Secondo il dettato legislativo il risarcimento del danno per inadempimento o per il ritardo deve comprendere tanto la perdita subita dal creditore quanto il mancato guadagno. La giurisprudenza è costante nel ritenere che la reintegrazione del patrimonio leso deve essere integrale; infatti la misura del danno non deve essere necessariamente contenuta nei limiti di valore del bene danneggiato ma deve avere ad oggetto l’intero pregiudizio subito dal soggetto danneggiato, essendo il risarcimento diretto alla completa restitutio in integrum del patrimonio leso.

Il risarcimento del danno, quindi, sia esso contrattuale o extracontrattuale, ex artt. 1223 e 2056, deve porre il patrimonio del danneggiato nello stesso stato in cui si sarebbe trovato senza il verificarsi dell’evento lesivo, trovando il suo presupposto nella effettiva perdita subita, senza risolversi in un vantaggio patrimoniale per il soggetto leso, dovendo la determinazione delle conseguenze patrimoniali negative limitarsi alla perdita subita e al mancato guadagno453.

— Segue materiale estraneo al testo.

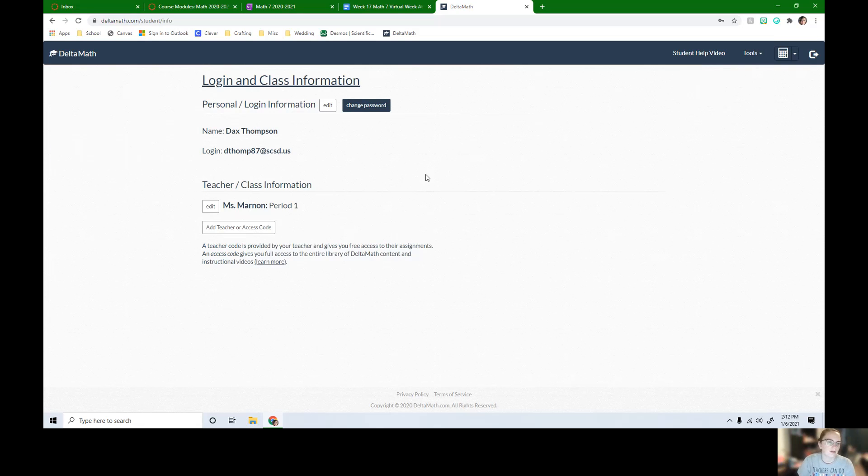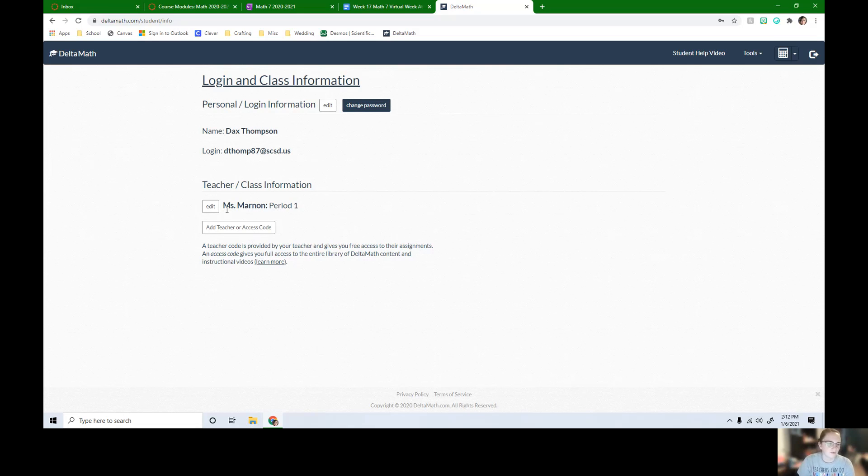So we can see here's my student's name. Here's the login information. There's the email he uses to log in. Right here you can see for me it says Miss Marnin period 1.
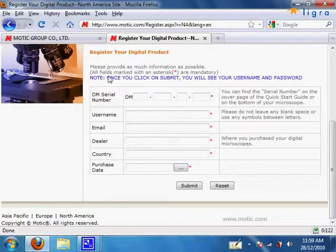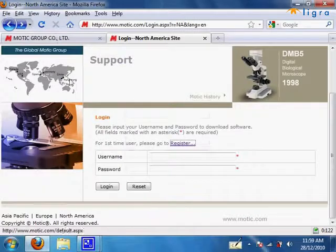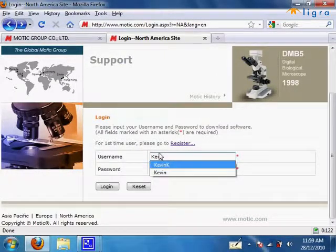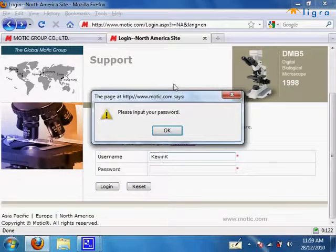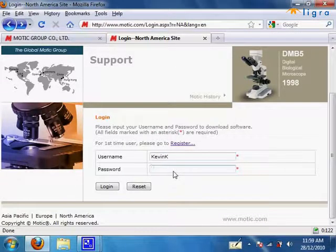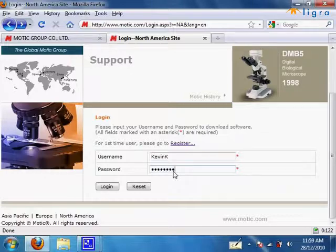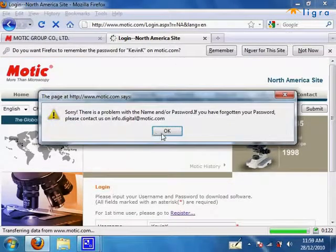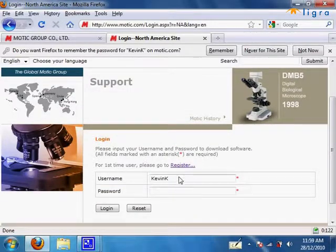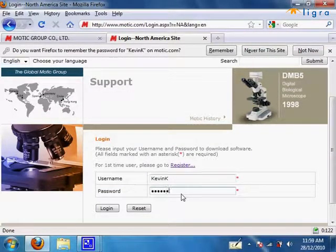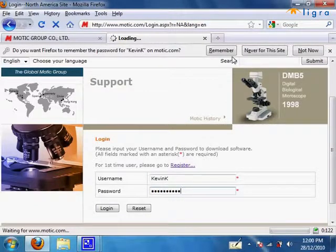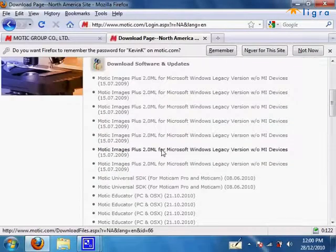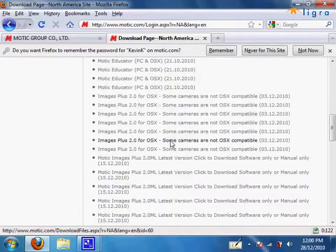But since I already have mine, I will not register again. Fill in all the fields and you should be able to get a login with a password. Type it in now.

Deve escludersi, pertanto, che il risarcimento possa condurre il danneggiato in una situazione migliore di quella in cui si sarebbe trovato in mancanza del fatto illecito, ed inoltre il risarcimento va escluso anche quando il danno, anche in mancanza del fatto del convenuto si sarebbe comunque verificato e sarebbe rimasto definitivamente a carico del danneggiato454.

452 Così Cass., 16 dicembre 1988, n. 6856, in RFI, 1988, (voce) Danni civili, nn. 58 e 266.

In dottrina: P. TRIMARCHI, op. cit., p. 169 ss.; G. VISINTINI, Risarcimento del danno, in Trattato diretto da Rescigno, 9, I, Torino, 1999, p. 254; U. BRECCIA, Le obbligazioni, in Tratt. Iudica Zatti, Milano, 1991, p. 635.

453 V. CARBONE, sub Art. 1223, in La Giurisprudenza sul codice civile coordinata con la dottrina, Libro

IV, Delle obbligazioni, a cura di U. Bellini, V. Carbone, L. Delli Priscoli, G. Marziale, H. Simonetti, G. Stella Richter, p. 523.

454 P. FORCHIELLI, Causalità e danno, Milano, 1967, p. 56 ss., secondo il quale il danneggiato non può

essere garantito contro quei rischi cui sarebbe stato comunque esposto, anche in assenza dell’illecito. Applicato all’ambito antitrust, l’impresa danneggiata da un illecito escludente, non avrebbe diritto di ottenere il risarcimento per la fuoriuscita o il mancato ingresso nel mercato, qualora questo si sarebbe comunque verificato, anche in mancanza della condotta anticoncorrenziale, per es. per mancanza di efficienza.